Think carefully about error cases involving pipes (such as one process in the pipeline failing in error while the others await pipe interaction). I will be happy to think through the logic with you. I will also be forgiving in grading this feature, especially if you document assumptions and the behavior your have implemented.

In recommended verbose mode, the shell should print a message indicating the PID, executable name (and optionally arguments), and exit status of each child process in the pipeline as that process completes:

your-prompt> /bin/cat names.txt | /bin/sort
[Launching: 3482 /bin/cat]
[Launching: 3483 /bin/sort]
[Completed: 3482 /bin/cat with exit code 0]
Clapp
Lulu
Pendleton
[Completed: 3483 /bin/sort with exit code 0]
your-prompt>

Note that the order of messages about separate process and the output or messages from other pipeline processes may not be predictable.

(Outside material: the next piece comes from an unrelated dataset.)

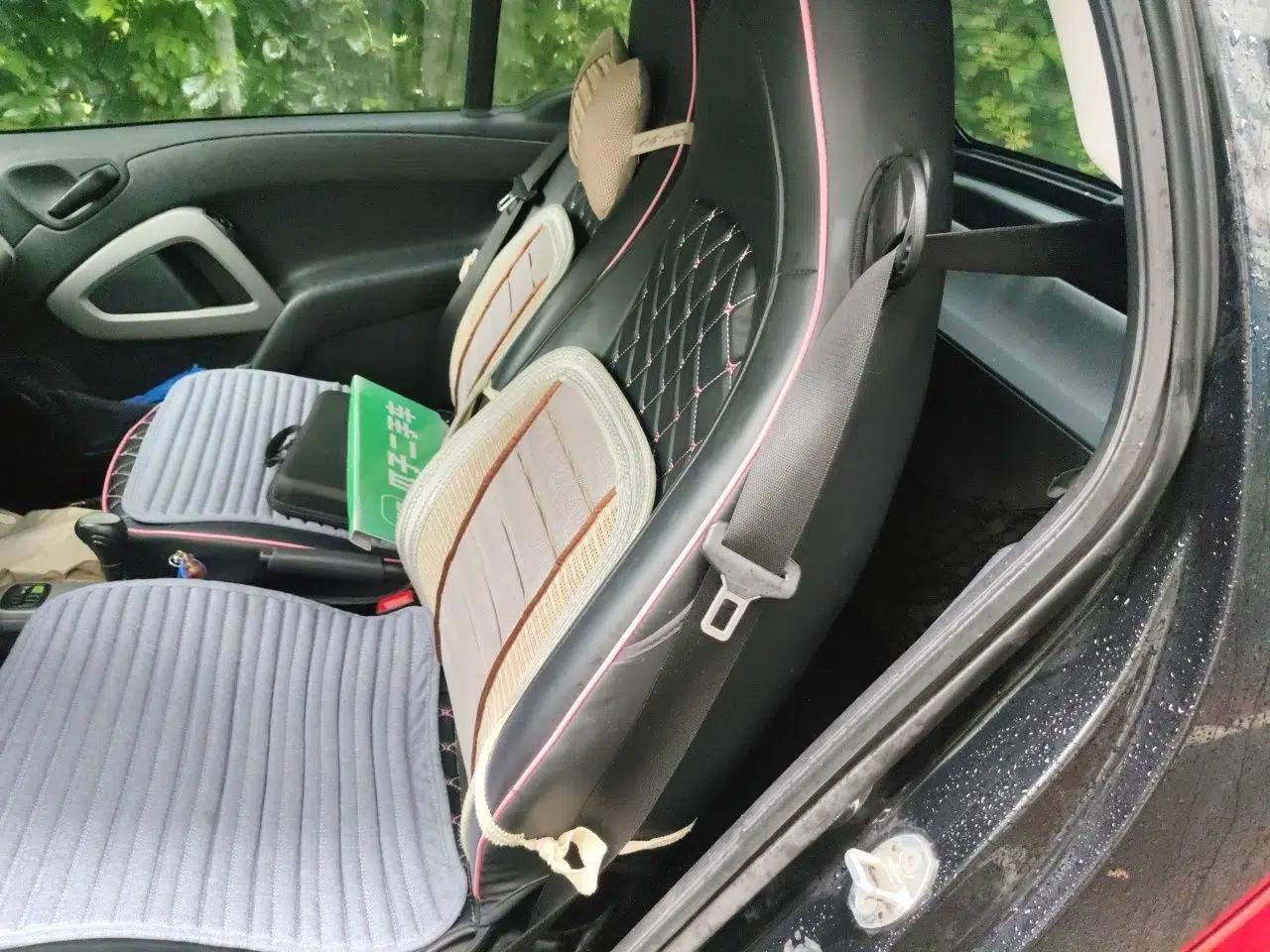 smart fortwo 2012 1.0 MHD Hardtop Standard Edition — миниатюра 17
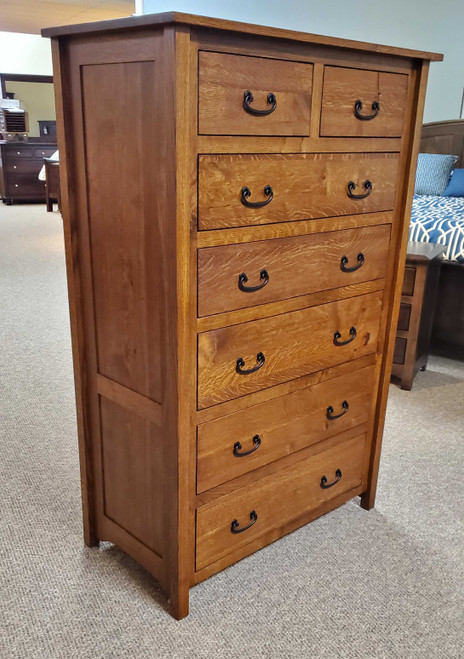 Amish North Pole Quartersawn Oak 6 Drawer Chest Amish North Pole Quartersawn Chest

your-prompt> /bin/cat names.txt | /bin/sort
[Launching: 3483 /bin/sort]
[Launching: 3482 /bin/cat]
Clapp
Lulu
[Completed: 3482 /bin/cat with exit code 0]
Pendleton
[Completed: 3483 /bin/sort with exit code 0]
your-prompt>

Optionally, the shell may support:

• Using both redirection and piping together: ./executable < input.txt | cat > output.txt
• Pipelines with more than two commands: cat names.txt | sort | uniq | grep Wellesley

More Features

If you have more time and interest, your are encouraged (but not required) to support other interesting features beyond the standard requirements. These could include (but are not limited to) the following, listed in rough order of complexity (lowest to highest):

• Command sequences with ; as a separator. The command line ./executable >output-file.txt; cat output-file.txt first runs ./executable >output-file.txt; after that command finishes, it runs cat output-file.txt. Sequencing should be usable with redirection and piping. The ; has the lowest precedence.
• Several of the optional behaviors above.
• Background jobs and job control. See typical definitions here.
• Signal-handling for Control-C (generally relevant) and Control-Z (along with fg and bg commands).
• Other combinations of the optional behaviors above.
• Other shell language features such as variables or control-flow structures.

Design

You may organize the code of your shell you wish. It is likely that you want at least these key components:

1. Code for a main shell loop that deals with the repeated steps that occur in response to each new command line entered by the user.
2. Code for parsing a command line string.
3. Code for implementing shell build-in commands, which allow the user to invoke function of the shell program itself.
4. Code for invoking executable commands with the various shell options including input/output redirection or pipes.

Tips

Trouble

As you start manipulating processes and adding redirection and pipe features, you will probably get stuck at some point: your shell might just stop responding to input. In this event, you can try Control-C to interrupt/kill your shell (assuming you have not implemented special signal-handling behavior), but sometimes even that may not work and even if it does, you may leave other processes stuck. Log in via a second SSH connection and check out these commands and their documentation:

• ps ux
• kill, kill -9
• pgrep, pkill

You may find it helpful to include the process ID (pid) of your shell somewhere in its output to simplify this task…

History

You might find readline useful if you want to implement command-line history.

Submission and Grading

Submit by ensuring that the material you want evaluated is available on the main branch in your GitHub repository.

Evaluation will include a live demo and code review. It will focus on completeness/correctness (80%) and code clarity/style/documentation (20%).